Foi verificado também o descarte de resíduos no local oriundos do serviço de limpa fossa. A ação imediata, requerida pela Promotoria de Justiça da Comarca do município, contou com o auxílio da Polícia Militar Ambiental, por meio da 1ª Companhia Independente de Proteção Ambiental, e Polícia Militar de Mirassol D´Oeste.

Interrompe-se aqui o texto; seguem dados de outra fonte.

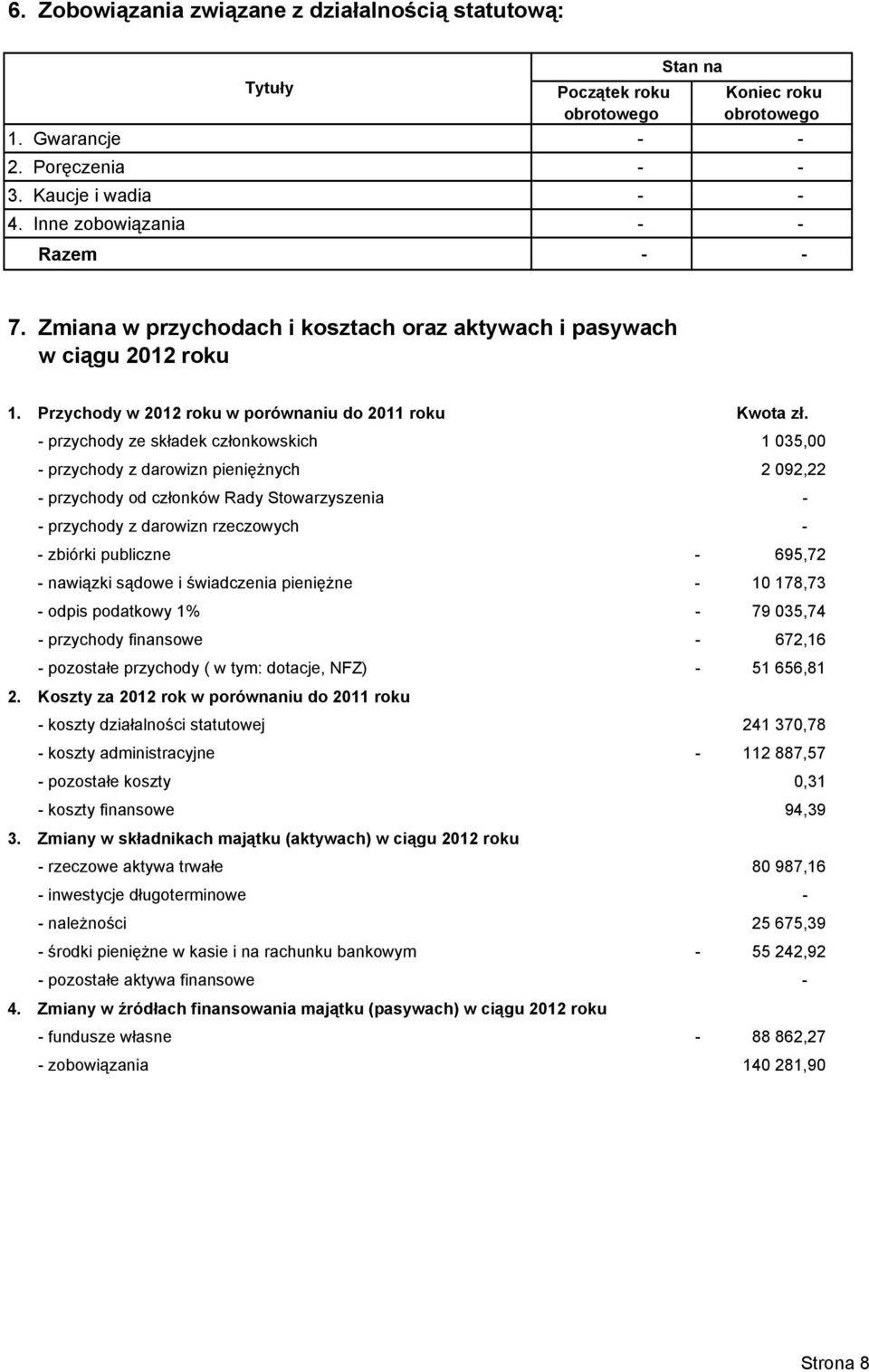 przychody ze składek członkowskich 1 035,00 przychody z darowizn pienięŝnych 2 092,22 przychody od członków Rady Stowarzyszenia przychody z darowizn rzeczowych zbiórki publiczne 695,72 nawiązki
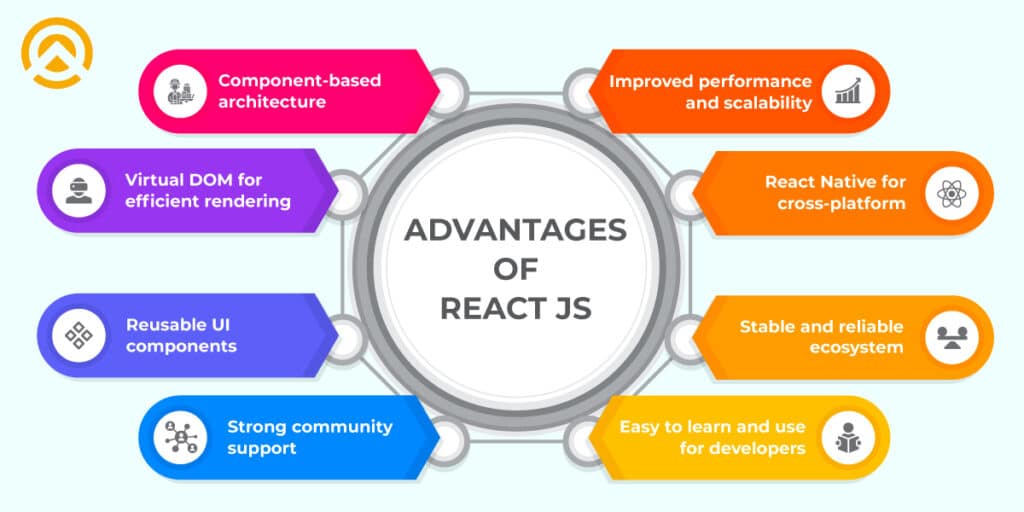 Advantages of React.js advantages of react js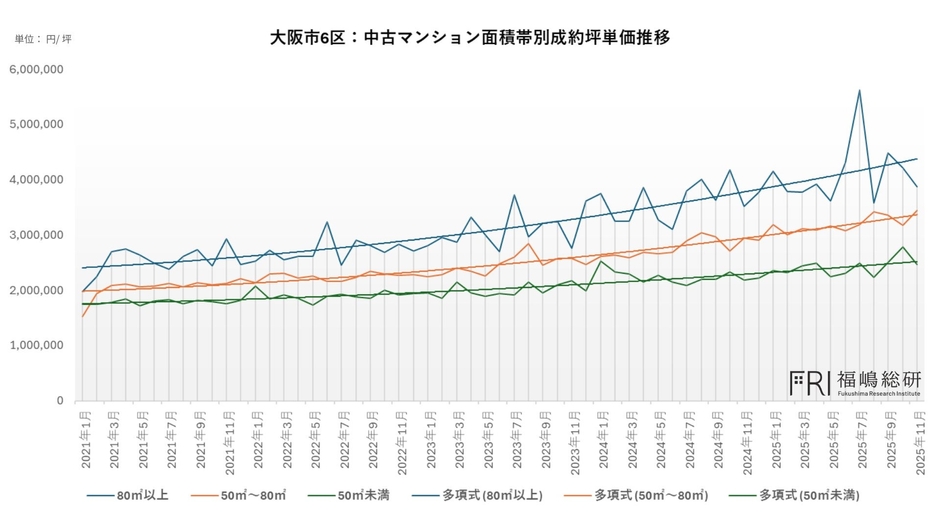 出典：福嶋総研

De acordo com a Sema, a área já havia sido interditada. “A continuidade das atividades em uma área formalmente interditada configura crime de desobediência à ordem administrativa ambiental e reincidência específica, agravando a responsabilidade penal dos envolvidos”, destacou o diretor da Unidade da Sema em Cáceres, Luiz Sergio Garcia.

Segundo ele, o documento e as provas colhidas serão encaminhados ao Ministério Público do Estado de Mato Grosso e à Delegacia Especializada do Meio Ambiente para apuração no âmbito cível e criminal.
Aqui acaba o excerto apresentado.